◆ **Available data**
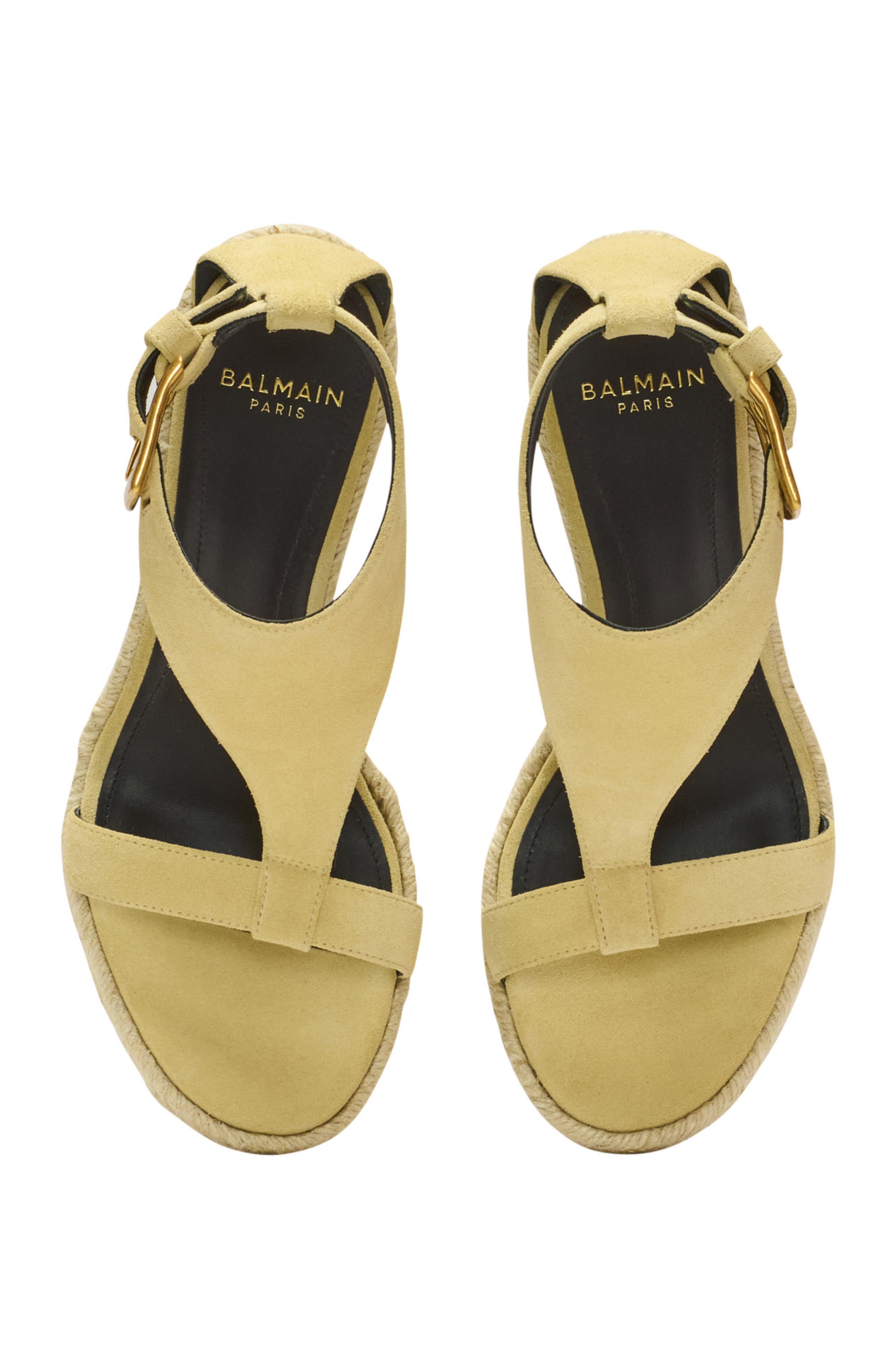 Balmain Anthem wedge espadrilles in suede, Alternate, color, Beige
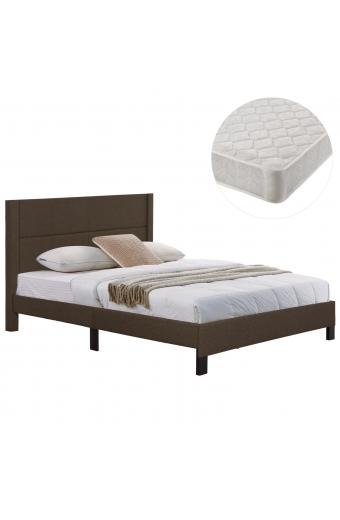 ΚΡΕΒΑΤΙ ΔΙΠΛΟ & ΣΤΡΩΜΑ TRILLOP HM21202.13 ΚΑΦΕ ΥΦΑΣΜΑ--ΓΙΑ 160x200εκ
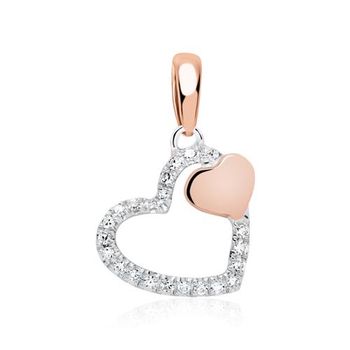 Colgante corazones 14 quilates oro blanco y rosa con diamantes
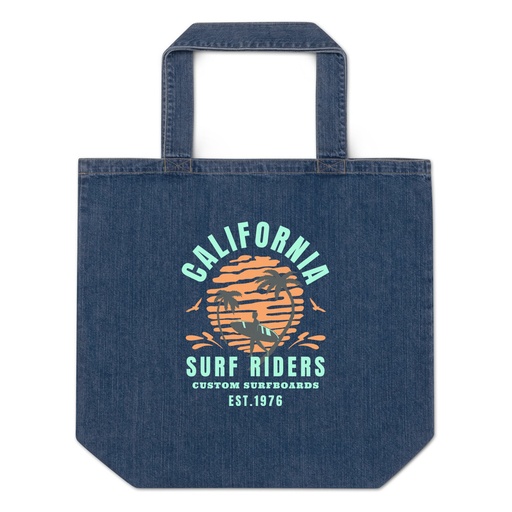 [ID: 528-G317] California Surf Riders - Beach Organic Denim Tote Bag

◆ **Task prompt**
Leave every image out when you return the material above word for word.

◆ **Task answer**
 Balmain Anthem wedge espadrilles in suede, Alternate, color, Beige
 ΚΡΕΒΑΤΙ ΔΙΠΛΟ & ΣΤΡΩΜΑ TRILLOP HM21202.13 ΚΑΦΕ ΥΦΑΣΜΑ--ΓΙΑ 160x200εκ
 Colgante corazones 14 quilates oro blanco y rosa con diamantes
 [ID: 528-G317] California Surf Riders - Beach Organic Denim Tote Bag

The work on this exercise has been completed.